Another possibility: asking what they meant:

  • Sometimes you can defuse fear by asking people whether they mean it
  • ie: “Do you really think I was just trying to take it for myself?”
  • This can be awkward, but it can also be effective
  • Whether or not it’s a good idea depends on your friend groups
  • Some people might get offended and sarcastically say yes, of course they think that.
  • If you can’t read sarcasm when you’re scared, this might backfire
  • But when it works, it can work really well

It would probably also be a good idea to work on having perspective when other people are angry at you. Your friends and people close to you will be angry at you sometimes. That doesn’t always mean that you’re in danger or that they are going to hurt you. It also doesn’t always mean that you have done something wrong. Finding anger more bearable will help you in a lot of aspects of your life, including when people tease you. If anger is less terrifying, teasing will also be less terrifying.

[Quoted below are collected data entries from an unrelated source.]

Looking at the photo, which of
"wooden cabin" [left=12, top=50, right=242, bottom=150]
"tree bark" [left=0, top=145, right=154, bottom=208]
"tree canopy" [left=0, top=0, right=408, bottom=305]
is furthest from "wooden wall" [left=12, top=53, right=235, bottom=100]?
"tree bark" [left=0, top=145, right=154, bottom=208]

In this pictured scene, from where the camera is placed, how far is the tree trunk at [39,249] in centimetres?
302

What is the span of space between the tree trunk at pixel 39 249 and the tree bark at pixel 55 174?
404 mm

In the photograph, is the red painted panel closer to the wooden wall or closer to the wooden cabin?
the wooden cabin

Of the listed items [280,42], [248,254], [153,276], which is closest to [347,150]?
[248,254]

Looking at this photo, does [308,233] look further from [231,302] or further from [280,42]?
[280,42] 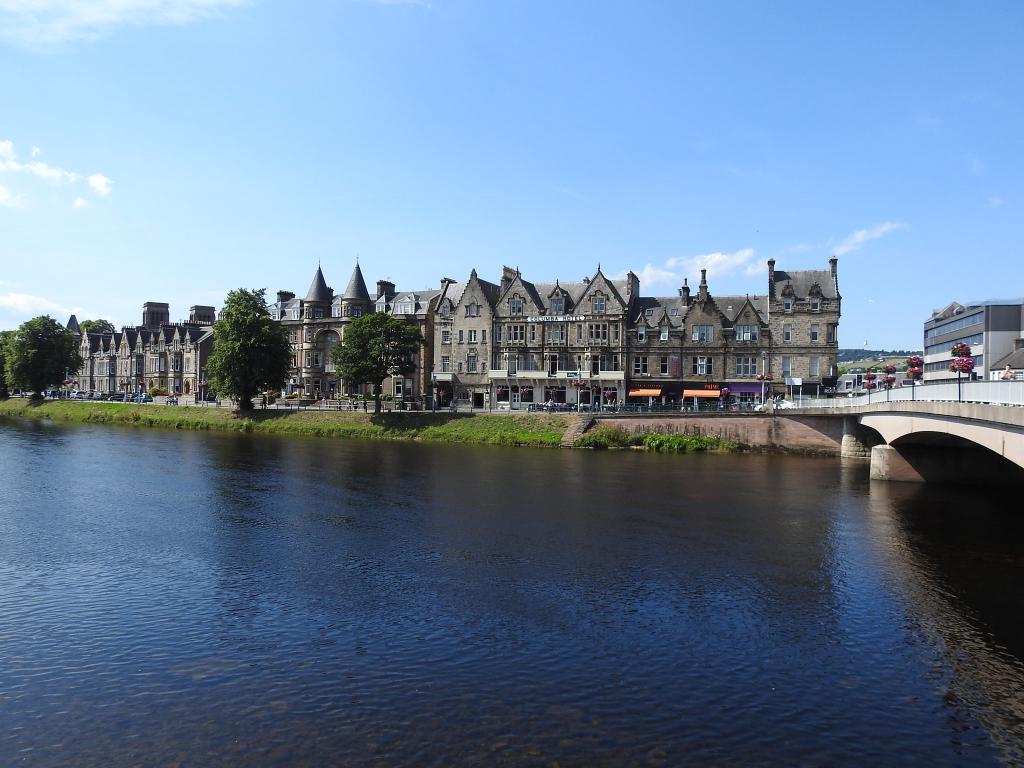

Short version: Teasing is only friendly if everyone likes it. Doing it to people who don’t like it is mean. It’s ok not to want to be teased or insulted, even as a joke. It’s ok to ask people to stop. Some people will take that request seriously and some won’t. (Everyone should, but not everyone does). If teasing scares you because you have trouble telling the difference between real insults and joke insults, there are things you can learn to look for that make it easier to tell the difference. It also helps to learn how to keep perspective in the face of other people’s anger. Scroll up for some more concrete information.